Kinesiology tape is a type of athletic tape designed to be thin enough to mimic the skin so that it can help people move with better movement patterns to prevent pain/injury while still feeling normal and not restricted by heavy tape. It is specially made by weaving both cotton and nylon fibers in such at way that it can stretch lengthwise but not across its width, which allows it to stretch along with the human body as it moves. This allows people to move freely while the tape is still correcting faulty mechanics and encouraging normal movement patterns through the recoil of the elastic fibers in the tape.

Kinesiology tape helps people through two main mechanisms: 1) Soft tissue decompression, and 2) Neurosensory input. In the first instance, soft tissue decompression has to do with the many layers of skin, which we can think of like the layers of a cake. When we have an injured area, the layers of skin and underlying tissue, or fascia as it is called, tend to stick to one another, compressing all the structures in between. These layers of skin also contain our nerve endings, so when the skin is compressed, these nerves are irritated and send a “pain” signal up to our brains, which turns the muscles off in the injured area, causing weakness and poor movement patterns.

However, when we slightly stretch out and apply kinesiology tape over the skin, the tape recoils (pulls back) and lifts up the skin, decompressing the nerves underneath and giving us relief from pain. Similarly, we also have blood vessels that travel through the layers of skin, so as the skin is decompressed with the tape, it also opens up these blood vessels, which improves our circulation and decreases swelling in the injured area.

The other benefit of kinesiology tape is that of neurosensory input. In the same way that the tape recoils on the skin and decompresses the nerves that sense pain, it also pulls the skin and stimulates the nerves underneath that tell the brain how our bodies are moving. This improves our sense of proprioception, or our awareness of the human body in space, and therefore tells our brain the location of our arms or legs without even looking at them.

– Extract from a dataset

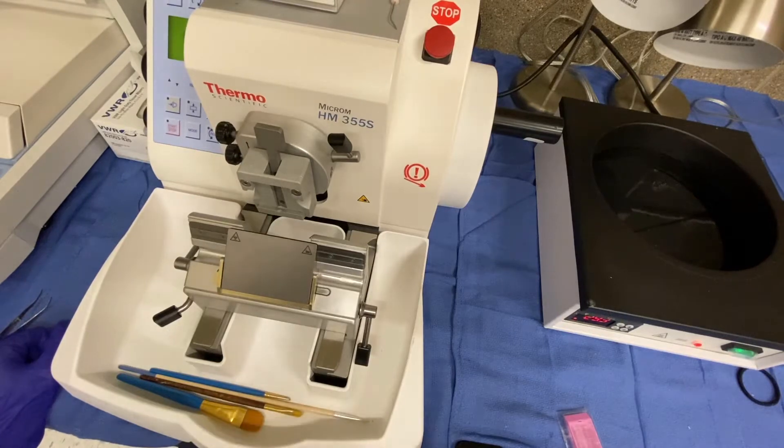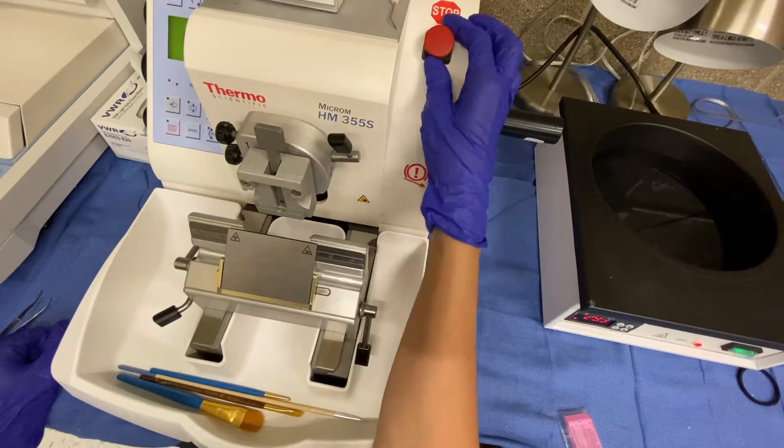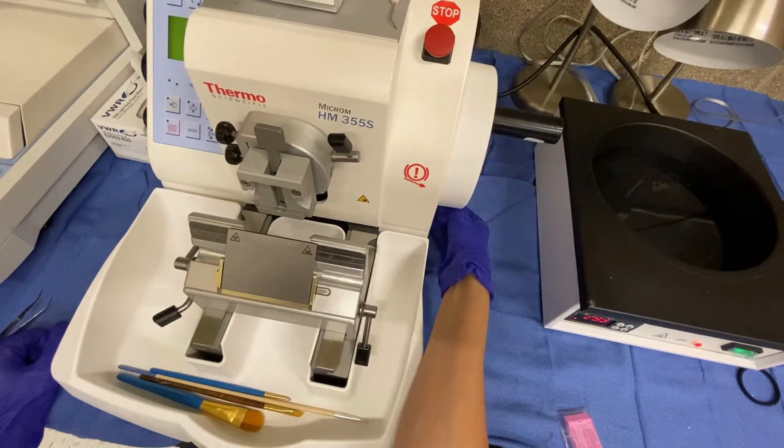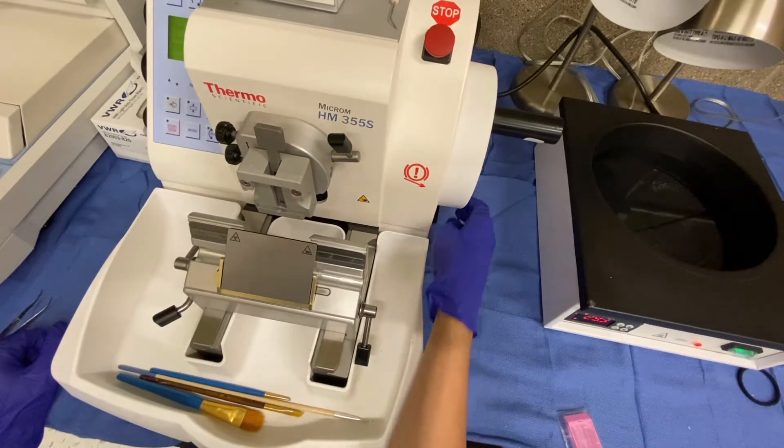The first thing you need to do is unlock the stop button here. You basically lift it up and pull it towards yourself. Additionally, there is a lever at the bottom that needs to be pushed down. This also unlocks the machine.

Here’s an example of how an injury leads to dysfunction and how this form of taping can help. If someone injures their shoulder, their normal response is to subconsciously change the way they move their arm to perform reaching in a pain free way. Then, they continuously repeat this new movement, which is reinforcing bad habits and making them their new “normal” way of moving. However, this faulty pattern will only lead to further injury, and they must be retrained in the right way to move.

Kinesiology tape can help in a few ways: First, it helps relieve the pain and swelling at the injured shoulder through decompression, and decrease inhibition of the injured muscles. Second, as the pain decreases the muscles can begin to turn back on, and now they can perform specific strength exercises targeting these weak muscles so that they can perform their jobs correctly again. Lastly, by properly taping the shoulder to prevent poor movement patterns, we can retrain the muscles and brain to move in the right ways so that these become our normal pain free ways of moving again. This should lead to complete recovery from injury.

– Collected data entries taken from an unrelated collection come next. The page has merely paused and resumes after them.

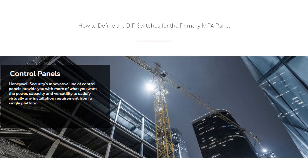Hi and welcome to another Honeywell tutorial. In this tutorial we'll view how to define the dip switches for the primary MPA panel.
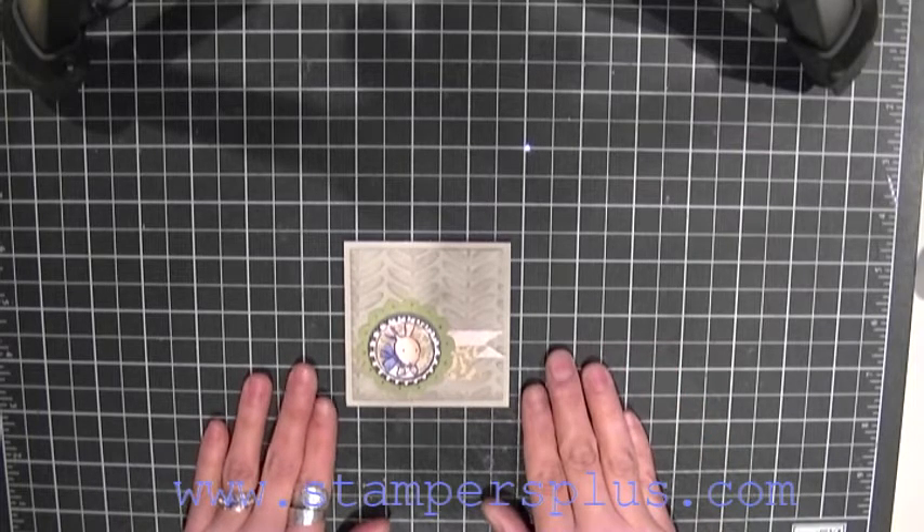Hi Stampers! It's Liz Holloway at stampersplus.com and welcome to Broadcasting Tuesday.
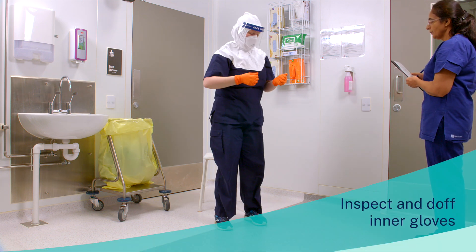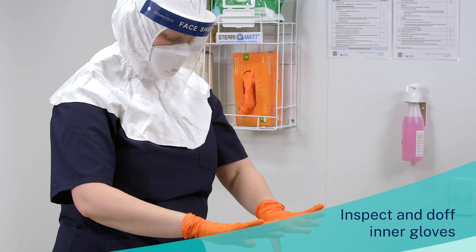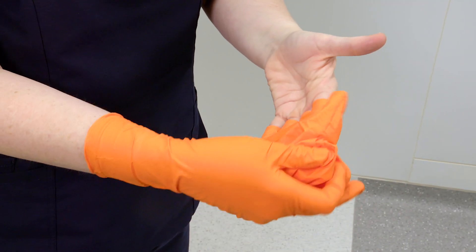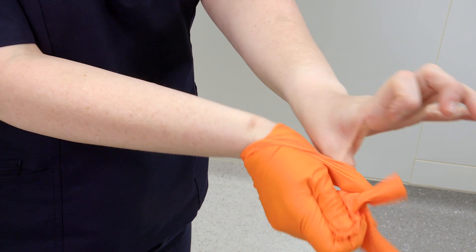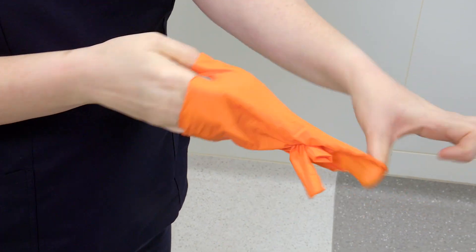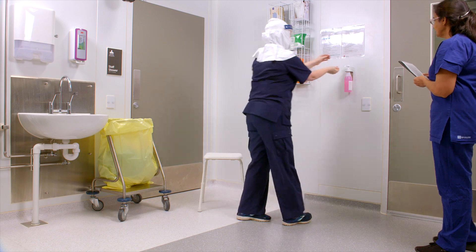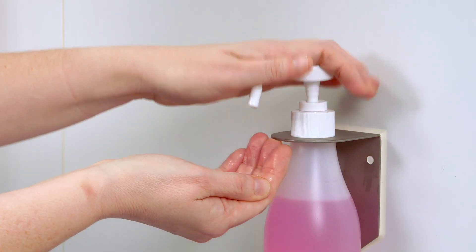Inspect and doff the inner gloves. Perform hand hygiene and don another pair of gloves.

Therefore, kinesiology tape can be a helpful tool in retraining us to move our bodies correctly in a pain free way. However, you should always keep in mind that it is very different from normal athletic tape, and therefore you shouldn’t try and tape yourself without proper instruction. There are many different ways of taping for many different mechanical issues of the human body, and you should be evaluated first by a physical therapist to see what is causing your problem and then instructed in what type of taping will help you.